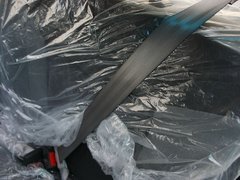 2012款 1.0 手动 两厢标准型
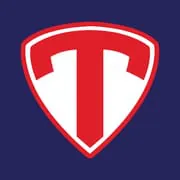 Stack Team App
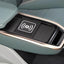 Fast Wireless Charging Pad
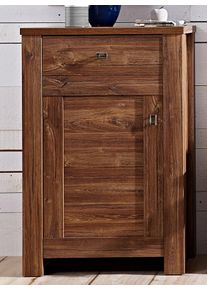 Innostyle Schuhschrank BR&Uuml;SSEL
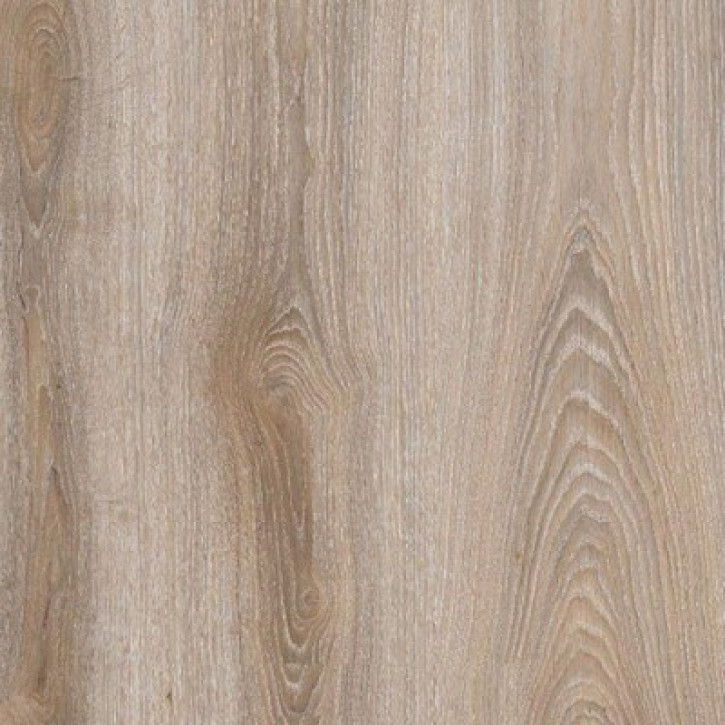 Panele laminowane 1135 Kronon Modern Promo 33/8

******

**Exercise**
None of the pictures belongs in the answer, but all the entries must be repeated exactly.

**Answer section**
 2012款 1.0 手动 两厢标准型
 Stack Team App
 Fast Wireless Charging Pad
 Innostyle Schuhschrank BR&Uuml;SSEL
 Panele laminowane 1135 Kronon Modern Promo 33/8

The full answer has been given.